ARSENAL MARKS INCINERATION ANNIVERSARY

By Amy Riggin/OF THE COMMERCIAL STAFF
Tuesday, March 28, 2006 9:48 AM CST

WHITE HALL -- Thursday will mark the one-year anniversary of the Pine Bluff Arsenal's program to incinerate 12 percent of the country's chemical weapons stockpile.

During a meeting of the arsenal Citizen's Advisory Commission Monday, Randy Long, site project manager of the Pine Bluff Chemical Agent Disposal Facility, characterized the first year of the program as a success. "It's been a year that I hope we're all very proud of -- I know that I am," he said.

David Reber, project manager for contractor Washington Demilitarization Co., indicated that Pine Bluff's team had taken advantage of the lessons learned at other facilities.

"We've had the safest, most compliant, most productive startup," he said. Specifically, he said Pine Bluff had fewer injuries, fewer environmental non-compliances and had destroyed more rockets and agent at this stage in the game than other incineration facilities, which started earlier. Incineration is ongoing at facilities in Utah, Oregon and Alabama.

Chemical weapons operations at the facility have been on hold since January, when the arsenal announced the beginning of a project to replace piping in the pollution abatement systems in the three furnaces there. Reber said operations are expected to resume in mid-May.

He told commissioners that the facility's metal parts furnace is expected to begin incinerating secondary waste, such as protective suits, later this week.

Also Monday, Long told commissioners that the Army had recently conducted a biannual surety inspection of the facility. The inspection rates the facility's safety and security, he said, and is "probably the most significant inspection" that is conducted among several others done by various agencies. "This inspection was a tremendous success for the Pine Bluff team," Long said.

Reber noted that the facility had operated for 7.2 million hours without a serious injury, making Washington Demilitarization Co. one of only nine in the state to attain that level of safety. He added that the facility has 98 positions to fill, 39 of which will be filled soon, and is currently staffed at 90 percent. "Right now our goal for the summer is to get to 95 percent," Reber said.

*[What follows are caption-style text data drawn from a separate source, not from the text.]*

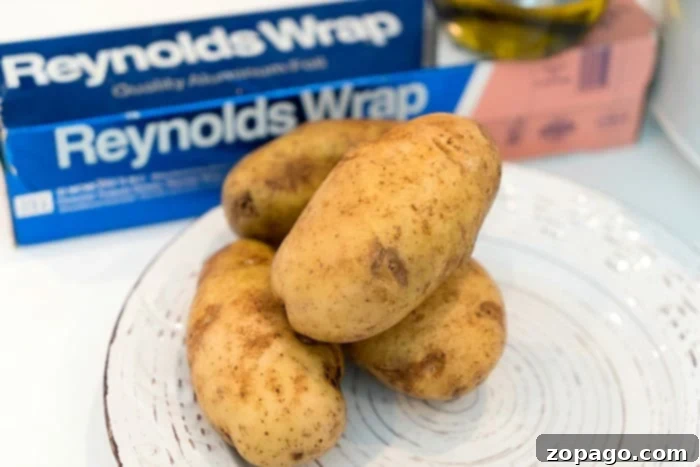 Easy Slow Cooker Baked Potatoes 3 Several slow cooker baked potatoes wrapped in foil, ready to be cooked to tender perfection.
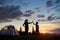 Silhouette of young woman and child giving each other high five near camping at dawn on top of mountain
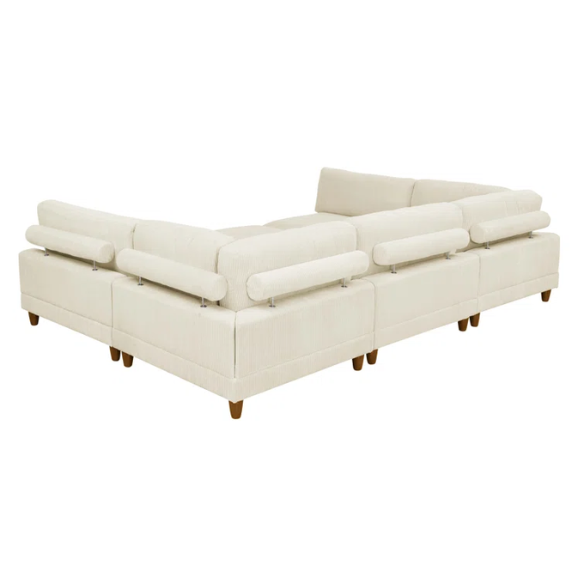 Beige modular sectional sofa with corduroy upholstery, removable cushions, and matching ottoman – seats six in a modern L-shaped or U-shaped layout with solid wood legs.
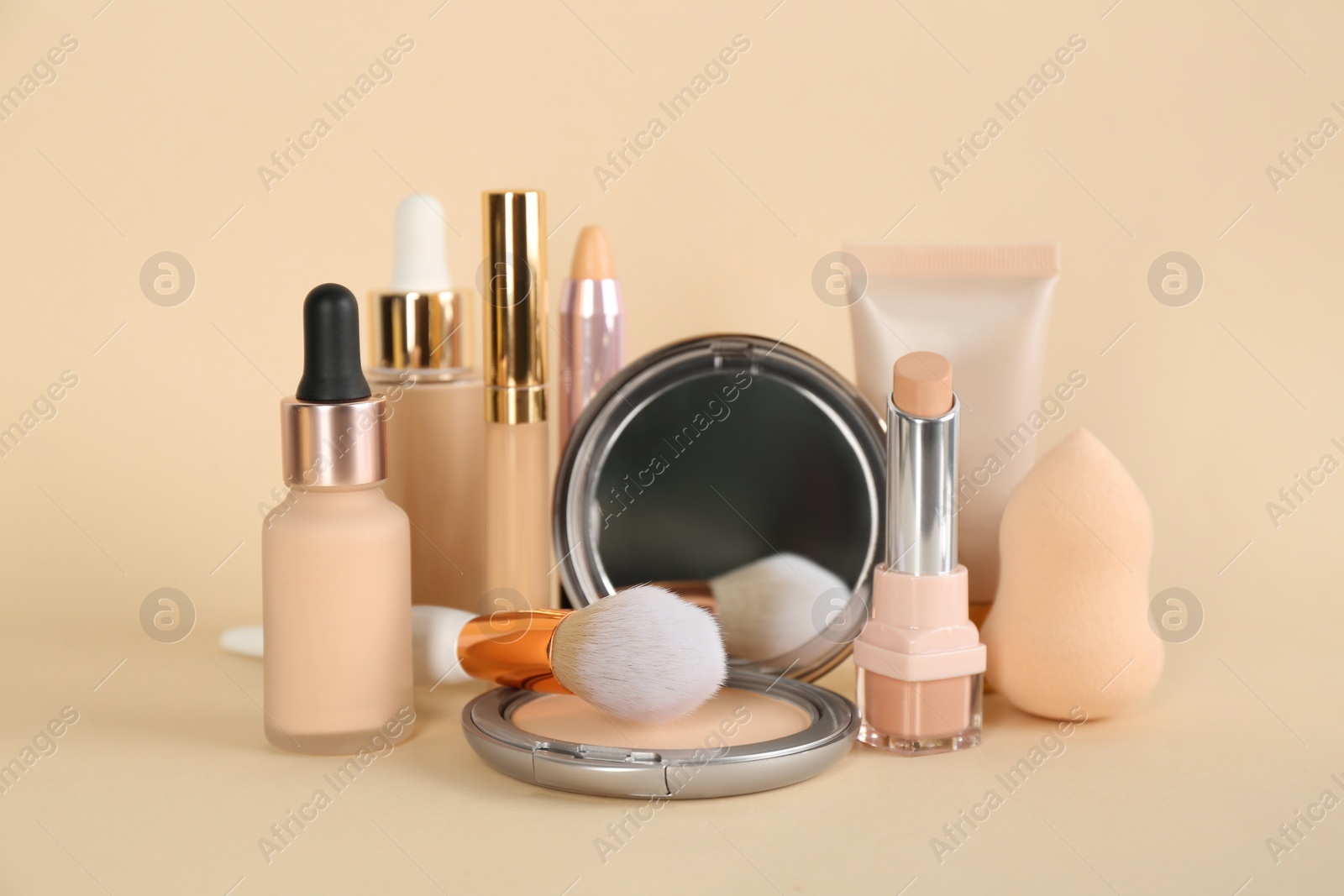 Photo of Foundation makeup products on beige background. Decorative cosmetics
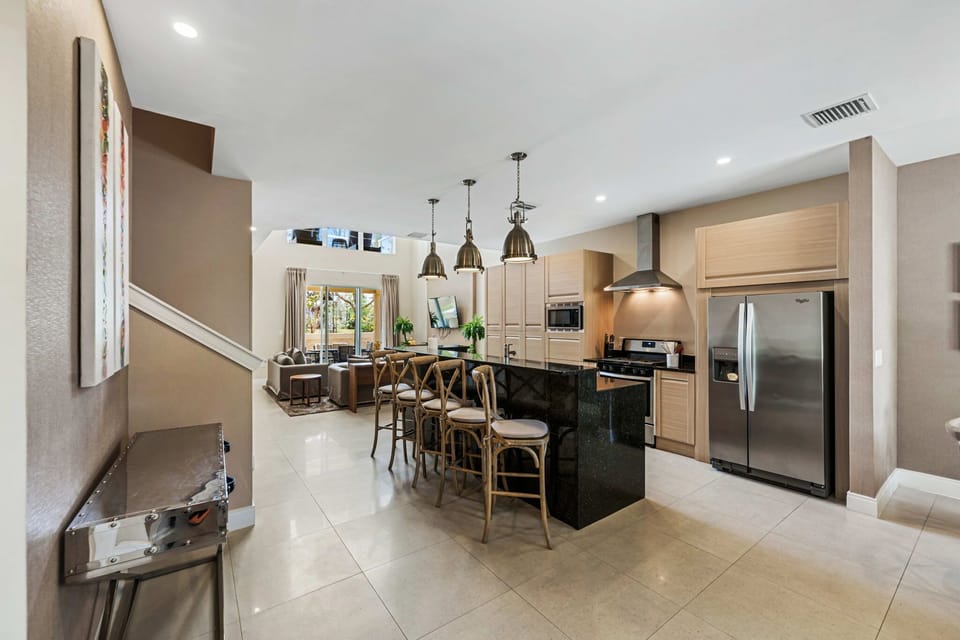 Modern kitchen with a black granite island and stainless steel appliances overlooking the living area.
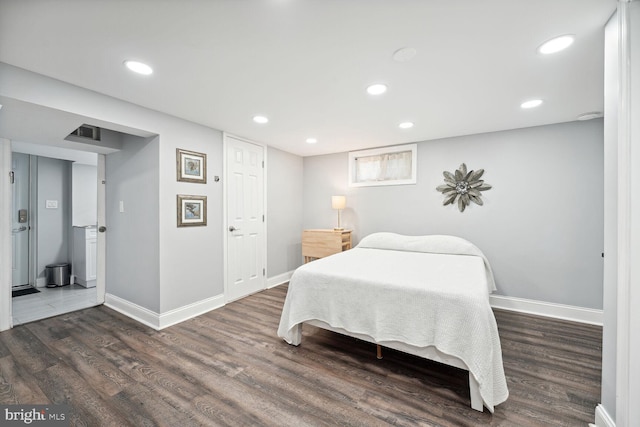 bedroom with dark wood-type flooring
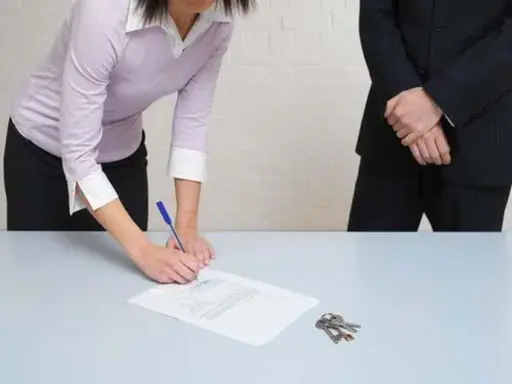Une femme signe un document, peut-être un passage expert assurance habitation, tandis que des clés reposent sur la table.
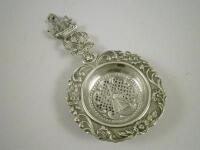 A Dutch white metal tea strainer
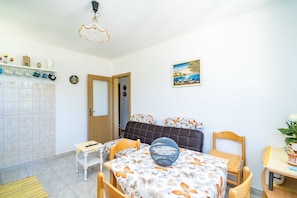 A room with a bed, a dining table with chairs, a small table with a bowl, a shelf with decorative items, and a painting on the wall. - Apartment Laurel Leaf (Konavle)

The arsenal originally declared 3,850 tons of agent, the country's second largest stockpile. Its inventory includes M55 rockets filled with sarin and VX nerve agents, VX land mines and ton containers filled with mustard agent. Disposal of the sarin rockets will be followed by the VX rockets, VX land mines and mustard agent. Reber said the switch from sarin, or GB, rockets to VX rockets is expected to take place in about a year.

The weapons are being destroyed under an international treaty with a deadline of 2012.